Merci, Pasteur Nelson, de ces pensées bien exprimées. Je ne suis guère qualifié d’observer grande chose sur la question du bois caïmen, un point d’histoire sur lequel mes connaissances sont limitées. Cependant, j’ai bien compris vos sentiments tissés autour de ce thème et j’ose faire une réaction modeste sur quleques points théologiques en tant que missionnaire à la fois américian et de tradition wesleyo-arminien.
D’abord, est-ce que les missionnaires américains faisaient (ou même font) partie de l’entreprise coloniale en haïti?
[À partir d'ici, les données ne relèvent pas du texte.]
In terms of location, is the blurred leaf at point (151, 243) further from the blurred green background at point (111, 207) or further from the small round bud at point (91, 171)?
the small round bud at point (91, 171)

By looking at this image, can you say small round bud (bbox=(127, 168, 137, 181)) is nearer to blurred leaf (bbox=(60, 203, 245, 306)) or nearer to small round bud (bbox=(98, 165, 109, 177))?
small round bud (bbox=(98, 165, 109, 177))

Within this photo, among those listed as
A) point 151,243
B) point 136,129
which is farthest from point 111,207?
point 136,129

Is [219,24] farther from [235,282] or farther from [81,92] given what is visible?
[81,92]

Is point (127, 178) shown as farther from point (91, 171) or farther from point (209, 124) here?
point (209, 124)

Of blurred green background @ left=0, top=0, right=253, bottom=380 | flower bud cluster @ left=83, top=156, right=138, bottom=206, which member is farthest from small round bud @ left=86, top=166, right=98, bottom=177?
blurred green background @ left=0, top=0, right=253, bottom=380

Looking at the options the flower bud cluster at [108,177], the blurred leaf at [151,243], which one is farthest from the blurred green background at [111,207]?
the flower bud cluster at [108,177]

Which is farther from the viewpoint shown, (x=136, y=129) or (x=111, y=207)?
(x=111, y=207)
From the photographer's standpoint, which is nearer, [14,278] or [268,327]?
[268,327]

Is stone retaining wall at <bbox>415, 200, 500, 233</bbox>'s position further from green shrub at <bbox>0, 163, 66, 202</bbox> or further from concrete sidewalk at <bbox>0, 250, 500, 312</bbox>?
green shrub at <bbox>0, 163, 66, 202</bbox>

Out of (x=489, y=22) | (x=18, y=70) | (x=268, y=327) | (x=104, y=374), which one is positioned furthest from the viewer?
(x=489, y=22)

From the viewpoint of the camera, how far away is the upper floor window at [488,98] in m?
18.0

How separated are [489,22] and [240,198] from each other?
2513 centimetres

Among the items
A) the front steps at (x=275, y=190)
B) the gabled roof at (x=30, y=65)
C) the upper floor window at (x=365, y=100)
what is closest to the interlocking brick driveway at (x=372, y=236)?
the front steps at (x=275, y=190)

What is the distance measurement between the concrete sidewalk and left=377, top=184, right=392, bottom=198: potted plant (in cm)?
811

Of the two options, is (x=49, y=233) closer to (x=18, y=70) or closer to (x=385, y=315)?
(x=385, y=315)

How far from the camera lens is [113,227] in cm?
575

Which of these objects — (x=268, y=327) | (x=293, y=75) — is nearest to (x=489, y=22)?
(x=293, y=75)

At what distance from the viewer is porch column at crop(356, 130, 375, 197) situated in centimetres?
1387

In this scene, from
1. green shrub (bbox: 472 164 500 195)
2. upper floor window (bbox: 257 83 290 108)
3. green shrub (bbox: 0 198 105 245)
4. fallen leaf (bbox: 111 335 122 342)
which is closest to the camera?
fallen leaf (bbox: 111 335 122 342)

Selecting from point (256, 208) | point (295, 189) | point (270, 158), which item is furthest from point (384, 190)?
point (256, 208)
C’est possible mais laissez-moi dire que c’est inconscient. Les remarques récentes de notre Président à l’égard d’haïti et l’Afrique sont tombées très mal sur mes oreilles au point que j’ai même demandé pardon à mes étudiants kenyans le lendemain. Ce mépris de la part de notre officiel politique le plus élévé me dégoûte et même fait honte à tous les américains qui apprécient la richesse des autres cultures. Je demande donc pardon à mes frères et soeurs haïtiens. Ce monsieur ne sait pas ce qu’il dit et ne connaît pas l’impacte de ses paroles en tant qu’occupant de la Maison Blanche.
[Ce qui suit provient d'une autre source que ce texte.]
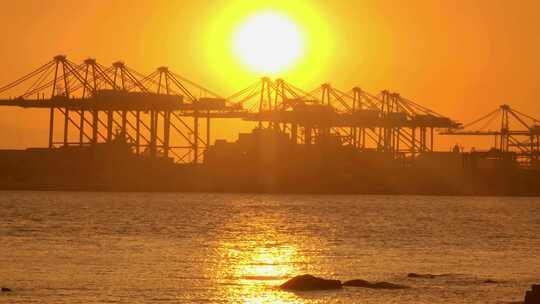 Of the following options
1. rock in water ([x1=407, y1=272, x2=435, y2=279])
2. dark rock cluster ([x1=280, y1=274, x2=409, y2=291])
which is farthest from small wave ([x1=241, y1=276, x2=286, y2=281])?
rock in water ([x1=407, y1=272, x2=435, y2=279])

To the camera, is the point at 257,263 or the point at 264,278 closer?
the point at 264,278

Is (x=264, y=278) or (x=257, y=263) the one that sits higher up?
(x=257, y=263)

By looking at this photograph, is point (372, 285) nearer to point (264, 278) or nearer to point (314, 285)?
point (314, 285)

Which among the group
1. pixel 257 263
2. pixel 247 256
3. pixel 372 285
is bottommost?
pixel 372 285

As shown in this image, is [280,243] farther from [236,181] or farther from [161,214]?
[236,181]

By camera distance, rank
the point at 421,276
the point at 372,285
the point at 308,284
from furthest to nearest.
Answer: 1. the point at 421,276
2. the point at 372,285
3. the point at 308,284

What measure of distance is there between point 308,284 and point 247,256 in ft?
47.8

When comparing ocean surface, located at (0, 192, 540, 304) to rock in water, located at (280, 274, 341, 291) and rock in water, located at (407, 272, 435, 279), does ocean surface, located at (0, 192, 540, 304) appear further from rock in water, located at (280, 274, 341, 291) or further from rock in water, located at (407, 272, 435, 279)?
rock in water, located at (280, 274, 341, 291)

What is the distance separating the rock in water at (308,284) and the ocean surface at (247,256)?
52cm

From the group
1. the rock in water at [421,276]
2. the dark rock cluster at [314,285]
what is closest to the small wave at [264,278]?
the dark rock cluster at [314,285]

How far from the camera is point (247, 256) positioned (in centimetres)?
5594

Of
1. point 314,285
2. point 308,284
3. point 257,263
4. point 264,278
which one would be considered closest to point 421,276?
point 264,278

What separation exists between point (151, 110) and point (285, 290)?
123m

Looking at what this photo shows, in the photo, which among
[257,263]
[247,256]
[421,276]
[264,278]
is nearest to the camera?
[264,278] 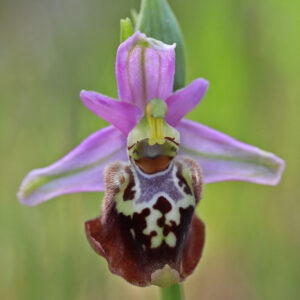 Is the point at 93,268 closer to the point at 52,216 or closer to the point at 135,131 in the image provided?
the point at 52,216

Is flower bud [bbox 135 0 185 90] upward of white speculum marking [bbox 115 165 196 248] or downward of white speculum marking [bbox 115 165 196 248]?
upward

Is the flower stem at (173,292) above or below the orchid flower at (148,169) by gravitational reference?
below

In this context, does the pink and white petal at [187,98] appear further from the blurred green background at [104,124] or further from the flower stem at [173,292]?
the blurred green background at [104,124]

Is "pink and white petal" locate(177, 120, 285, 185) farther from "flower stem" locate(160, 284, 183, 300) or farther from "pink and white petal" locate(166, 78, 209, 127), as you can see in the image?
"flower stem" locate(160, 284, 183, 300)

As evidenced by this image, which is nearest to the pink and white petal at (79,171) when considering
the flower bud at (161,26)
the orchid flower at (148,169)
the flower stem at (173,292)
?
the orchid flower at (148,169)

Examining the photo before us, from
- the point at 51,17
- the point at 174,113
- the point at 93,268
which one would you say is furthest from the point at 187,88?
the point at 51,17

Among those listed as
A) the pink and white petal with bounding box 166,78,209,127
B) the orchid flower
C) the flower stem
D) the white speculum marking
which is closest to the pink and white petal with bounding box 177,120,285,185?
the orchid flower

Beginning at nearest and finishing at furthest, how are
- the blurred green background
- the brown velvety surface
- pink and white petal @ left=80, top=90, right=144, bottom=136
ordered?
the brown velvety surface < pink and white petal @ left=80, top=90, right=144, bottom=136 < the blurred green background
En ce qui concerne l’histoire de l’Eglise du Nazaréen en haïti, cettte attitude coloniale se manifeste, à mon avis, dans le grand retard de laisser le pouvoir aux mains des leaders nazaréens haïtiens, une lenteur qui heureusement ne se produit pas dans certains pays africains. Les pays où l’Eglise du Nazaréen se multiplie le plus vite sont les mêmes où la présence missionnaire était le plus léger, un phénomène qui devrait susciter des thèses doctorales. Le Bénin est un tel pays.
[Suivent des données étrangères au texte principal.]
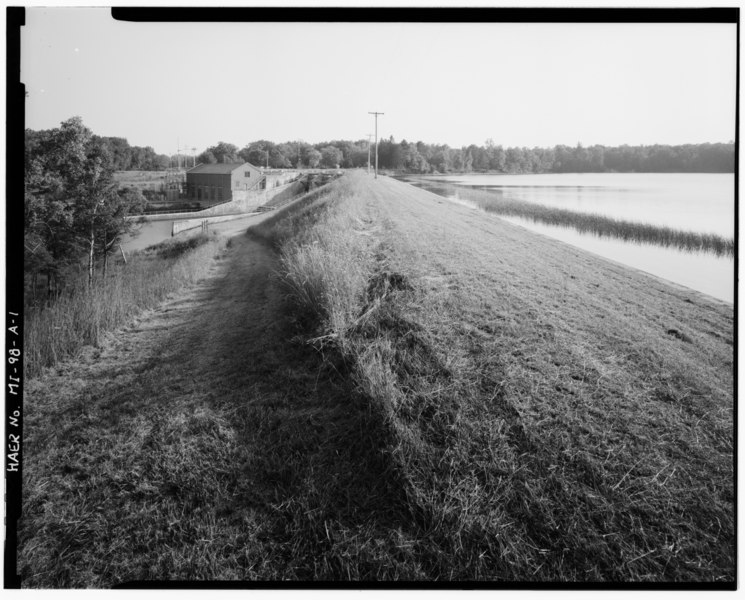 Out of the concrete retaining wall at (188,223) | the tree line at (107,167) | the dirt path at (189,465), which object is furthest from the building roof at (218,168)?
the dirt path at (189,465)

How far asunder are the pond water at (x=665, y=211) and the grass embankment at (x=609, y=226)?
0.08 meters

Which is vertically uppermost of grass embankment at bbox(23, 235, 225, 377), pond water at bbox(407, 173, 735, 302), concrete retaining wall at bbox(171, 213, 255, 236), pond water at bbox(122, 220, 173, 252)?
concrete retaining wall at bbox(171, 213, 255, 236)

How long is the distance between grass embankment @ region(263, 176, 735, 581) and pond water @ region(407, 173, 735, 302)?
1.24ft

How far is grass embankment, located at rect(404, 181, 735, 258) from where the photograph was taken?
385 cm

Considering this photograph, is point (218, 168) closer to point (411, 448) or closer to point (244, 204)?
point (244, 204)

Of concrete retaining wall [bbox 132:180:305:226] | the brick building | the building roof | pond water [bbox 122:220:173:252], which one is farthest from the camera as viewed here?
the building roof

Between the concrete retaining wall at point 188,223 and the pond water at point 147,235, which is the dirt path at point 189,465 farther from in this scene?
the concrete retaining wall at point 188,223

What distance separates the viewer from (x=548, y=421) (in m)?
3.04

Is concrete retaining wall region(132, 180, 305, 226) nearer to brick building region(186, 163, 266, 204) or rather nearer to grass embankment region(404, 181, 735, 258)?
brick building region(186, 163, 266, 204)

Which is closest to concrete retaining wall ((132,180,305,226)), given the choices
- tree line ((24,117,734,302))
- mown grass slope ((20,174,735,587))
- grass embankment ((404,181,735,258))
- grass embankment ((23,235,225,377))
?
tree line ((24,117,734,302))

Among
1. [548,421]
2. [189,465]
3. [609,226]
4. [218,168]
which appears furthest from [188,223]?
[548,421]

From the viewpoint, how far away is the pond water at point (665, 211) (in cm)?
330

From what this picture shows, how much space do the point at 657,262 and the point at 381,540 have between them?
5.56 meters

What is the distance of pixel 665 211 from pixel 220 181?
3984cm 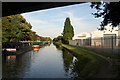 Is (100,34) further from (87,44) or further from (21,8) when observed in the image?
(21,8)

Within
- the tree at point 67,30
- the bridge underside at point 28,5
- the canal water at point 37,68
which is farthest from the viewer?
the tree at point 67,30

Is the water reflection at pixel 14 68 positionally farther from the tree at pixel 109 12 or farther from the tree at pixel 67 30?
the tree at pixel 67 30

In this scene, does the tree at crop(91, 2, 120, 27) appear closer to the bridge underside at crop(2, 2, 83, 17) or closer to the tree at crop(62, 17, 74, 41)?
the bridge underside at crop(2, 2, 83, 17)

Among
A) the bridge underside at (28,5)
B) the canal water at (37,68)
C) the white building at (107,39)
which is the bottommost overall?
the canal water at (37,68)

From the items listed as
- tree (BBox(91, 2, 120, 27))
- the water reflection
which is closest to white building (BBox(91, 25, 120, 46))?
tree (BBox(91, 2, 120, 27))

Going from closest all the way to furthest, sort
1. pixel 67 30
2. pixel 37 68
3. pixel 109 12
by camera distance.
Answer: pixel 109 12, pixel 37 68, pixel 67 30

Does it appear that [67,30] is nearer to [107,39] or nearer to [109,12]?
[107,39]

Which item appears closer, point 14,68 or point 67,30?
point 14,68

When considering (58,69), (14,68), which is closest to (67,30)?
(58,69)

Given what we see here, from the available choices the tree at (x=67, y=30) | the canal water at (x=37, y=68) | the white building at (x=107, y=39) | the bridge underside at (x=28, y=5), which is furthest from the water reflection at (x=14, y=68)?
the tree at (x=67, y=30)

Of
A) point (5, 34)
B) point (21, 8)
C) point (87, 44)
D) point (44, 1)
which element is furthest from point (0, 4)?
point (87, 44)

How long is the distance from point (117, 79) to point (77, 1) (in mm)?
6142

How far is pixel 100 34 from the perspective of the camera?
50.4 m

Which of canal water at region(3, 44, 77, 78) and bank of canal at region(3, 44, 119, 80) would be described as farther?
canal water at region(3, 44, 77, 78) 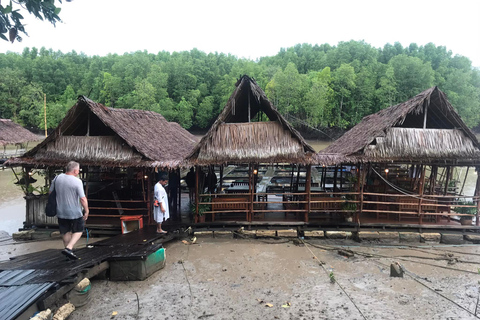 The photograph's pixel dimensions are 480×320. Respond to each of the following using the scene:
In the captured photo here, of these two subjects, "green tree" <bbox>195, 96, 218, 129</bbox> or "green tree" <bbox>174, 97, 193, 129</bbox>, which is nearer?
"green tree" <bbox>174, 97, 193, 129</bbox>

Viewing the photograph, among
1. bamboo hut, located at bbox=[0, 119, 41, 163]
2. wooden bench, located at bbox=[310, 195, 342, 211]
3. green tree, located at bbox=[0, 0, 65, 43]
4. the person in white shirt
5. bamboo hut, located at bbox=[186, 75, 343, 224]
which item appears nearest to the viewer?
green tree, located at bbox=[0, 0, 65, 43]

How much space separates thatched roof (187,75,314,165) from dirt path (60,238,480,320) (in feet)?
9.71

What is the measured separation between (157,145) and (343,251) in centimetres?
782

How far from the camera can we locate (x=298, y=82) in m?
43.4

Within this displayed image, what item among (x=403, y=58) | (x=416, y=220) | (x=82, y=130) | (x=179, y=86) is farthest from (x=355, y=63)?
(x=82, y=130)

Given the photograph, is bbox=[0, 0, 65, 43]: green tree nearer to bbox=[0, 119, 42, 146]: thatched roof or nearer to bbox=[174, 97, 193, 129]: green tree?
bbox=[0, 119, 42, 146]: thatched roof

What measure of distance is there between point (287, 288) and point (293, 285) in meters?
0.22

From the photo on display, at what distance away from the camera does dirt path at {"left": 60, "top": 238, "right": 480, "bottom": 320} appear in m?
5.45

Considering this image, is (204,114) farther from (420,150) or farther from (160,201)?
(420,150)

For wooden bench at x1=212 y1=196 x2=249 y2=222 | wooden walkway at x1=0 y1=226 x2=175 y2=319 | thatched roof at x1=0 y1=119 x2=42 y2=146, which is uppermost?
thatched roof at x1=0 y1=119 x2=42 y2=146

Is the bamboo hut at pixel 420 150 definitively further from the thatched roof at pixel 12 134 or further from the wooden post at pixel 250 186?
the thatched roof at pixel 12 134

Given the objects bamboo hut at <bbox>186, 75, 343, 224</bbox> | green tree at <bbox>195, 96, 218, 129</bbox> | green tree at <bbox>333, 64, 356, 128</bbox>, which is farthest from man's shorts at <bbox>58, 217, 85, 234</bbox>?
green tree at <bbox>333, 64, 356, 128</bbox>

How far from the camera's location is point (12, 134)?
24828 mm

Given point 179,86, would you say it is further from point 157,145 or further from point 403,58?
point 157,145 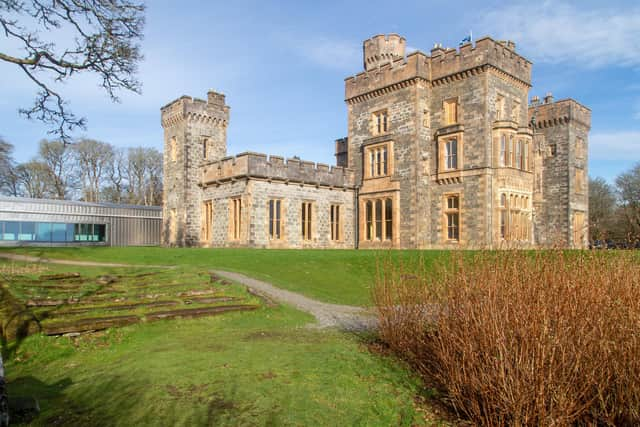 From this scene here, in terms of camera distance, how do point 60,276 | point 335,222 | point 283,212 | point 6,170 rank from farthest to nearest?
point 6,170
point 335,222
point 283,212
point 60,276

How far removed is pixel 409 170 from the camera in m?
27.0

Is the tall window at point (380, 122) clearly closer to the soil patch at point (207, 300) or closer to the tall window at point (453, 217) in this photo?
the tall window at point (453, 217)

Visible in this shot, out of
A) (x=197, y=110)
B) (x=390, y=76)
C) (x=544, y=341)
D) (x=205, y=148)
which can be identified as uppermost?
(x=390, y=76)

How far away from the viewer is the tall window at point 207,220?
1175 inches

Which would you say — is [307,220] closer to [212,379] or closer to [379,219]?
[379,219]

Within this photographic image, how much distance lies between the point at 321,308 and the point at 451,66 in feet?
61.7

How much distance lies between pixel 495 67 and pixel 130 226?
33.5m

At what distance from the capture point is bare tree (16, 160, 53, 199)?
5184 centimetres

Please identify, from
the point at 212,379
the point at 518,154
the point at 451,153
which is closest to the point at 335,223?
the point at 451,153

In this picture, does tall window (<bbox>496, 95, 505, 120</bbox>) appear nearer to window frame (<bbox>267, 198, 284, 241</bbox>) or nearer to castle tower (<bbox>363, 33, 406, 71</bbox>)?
castle tower (<bbox>363, 33, 406, 71</bbox>)

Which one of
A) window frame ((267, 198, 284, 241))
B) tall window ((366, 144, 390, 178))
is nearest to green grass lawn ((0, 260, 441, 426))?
window frame ((267, 198, 284, 241))

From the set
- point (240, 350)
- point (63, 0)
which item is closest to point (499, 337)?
point (240, 350)

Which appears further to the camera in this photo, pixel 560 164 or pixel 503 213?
pixel 560 164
Plus loin, la tendance d’orienter la théologie chrétienne vers l’au-delà est certes une réalité dans notre dénomination et bien d’autres. Cependant, je crois que c’est quelque chose qui se perd avec les nouvelles générations de nazaréens qui prennent des positions responsables au sein de l’église. De plus en plus, en Afrique au moins, je constate que certains voix se lèvent pour parler non pas seulement de la compassion (un thème bien tracé en haïti, comme vous le savez bien) mais aussi de la justice, autrement dit, les causes de la souffrance et non pas seulement un traîtement des symptômes des torts commis par les leaders de la société. Il s’agit bien sûr de la justice et les questions politiques fâce à la corruption et bien d’autres fléaux. Je recommande le livre de Chanshi Chandi, un zambien qui est l’auteur de Christlike Justice in the Holiness Tradition (2007), un ouvrage qui existe également en français.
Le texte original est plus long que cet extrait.